■ **Data shown**:
· · ·

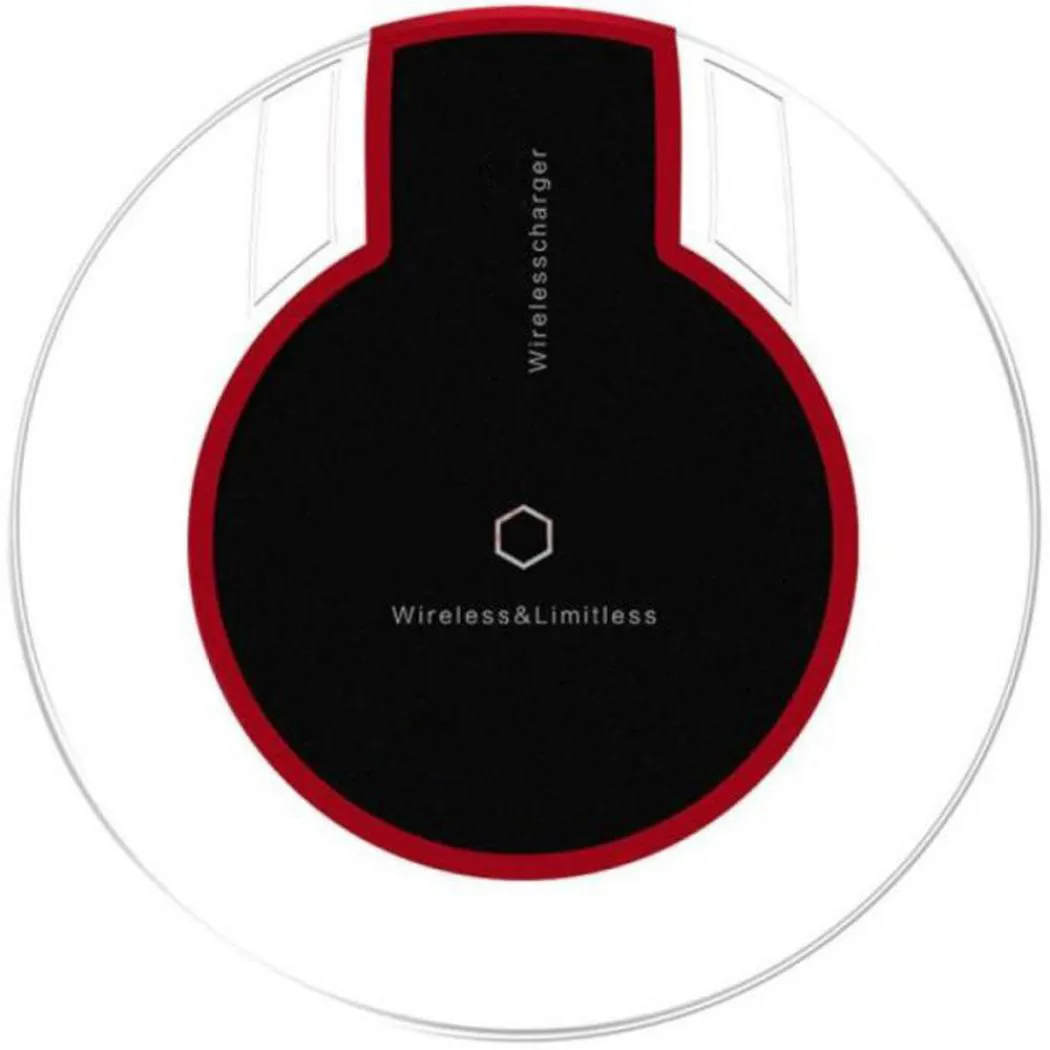 New Style Clear Qi Wireless Charger Charging Pad for IPhone 8/iPhone 8 Plus Battery Universal Phone Charger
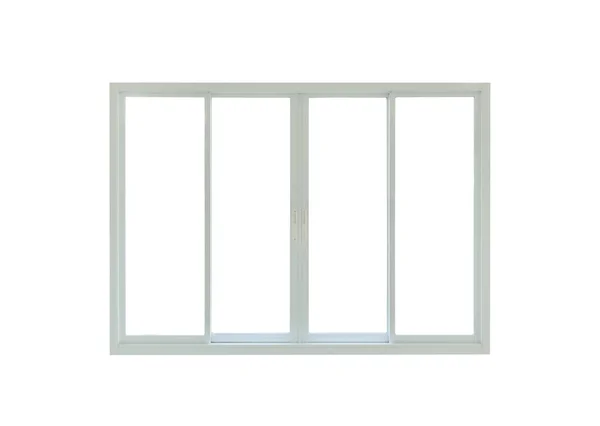 Cadre Fenêtre Maison Moderne Isolé Sur Fond Blanc — Photo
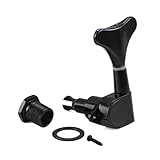 ベースチューニングペグ、ベースチューナー、エレクトリックベースオープンマシンヘッドノブ、4弦ジャズ用ベースストリングターナー、ベースギターベース右手左手 2本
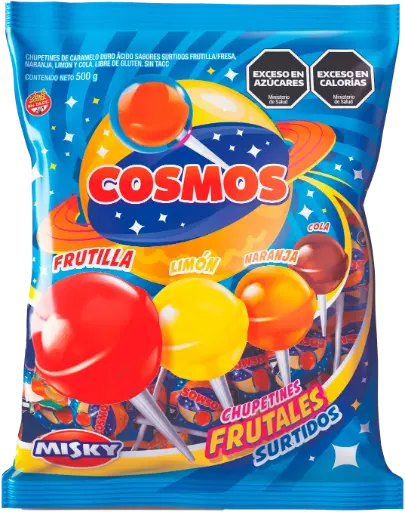 Chupetines cosmos frutales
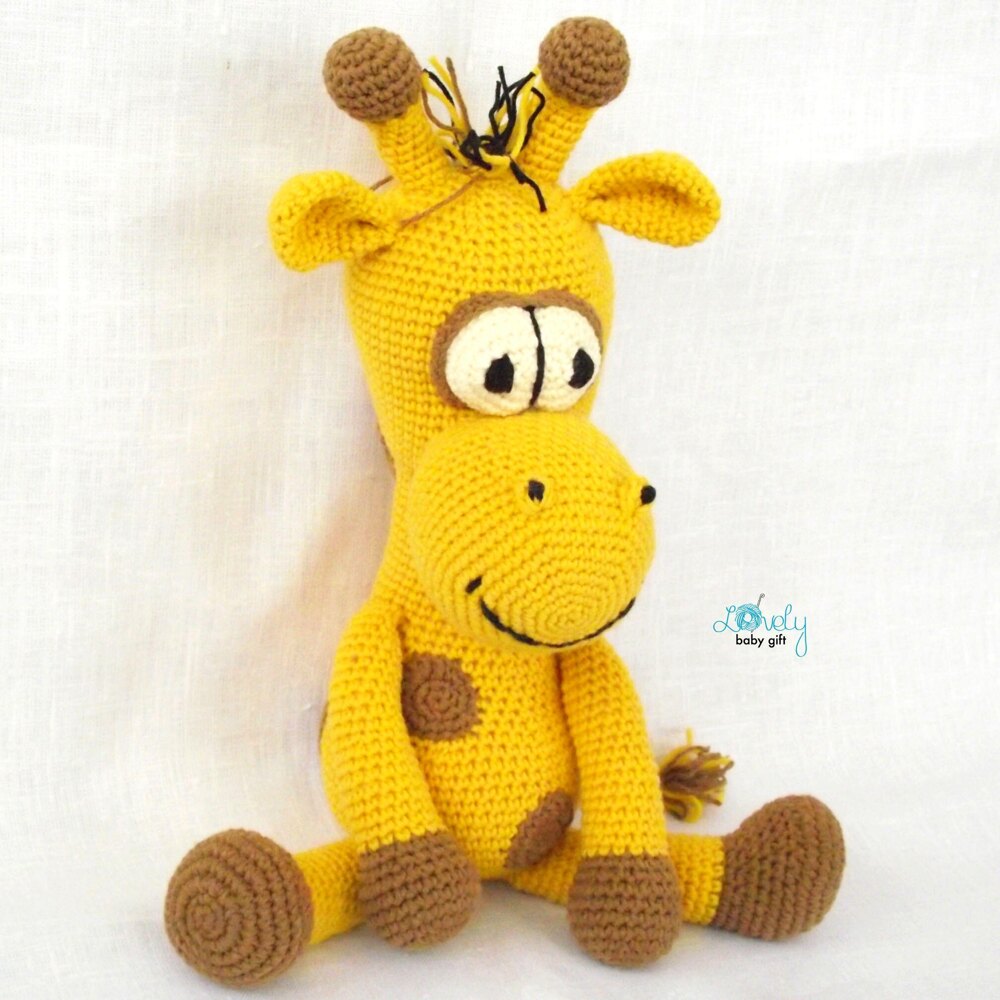 Cute Giraffe Crochet Stuffed Animal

· · ·

■ **Aim of the exercise**: Reproduce every record word for word. The copy must contain no pictures.

■ **Exercise output**:
 New Style Clear Qi Wireless Charger Charging Pad for IPhone 8/iPhone 8 Plus Battery Universal Phone Charger
 Cadre Fenêtre Maison Moderne Isolé Sur Fond Blanc — Photo
 ベースチューニングペグ、ベースチューナー、エレクトリックベースオープンマシンヘッドノブ、4弦ジャズ用ベースストリングターナー、ベースギターベース右手左手 2本
 Chupetines cosmos frutales
 Cute Giraffe Crochet Stuffed Animal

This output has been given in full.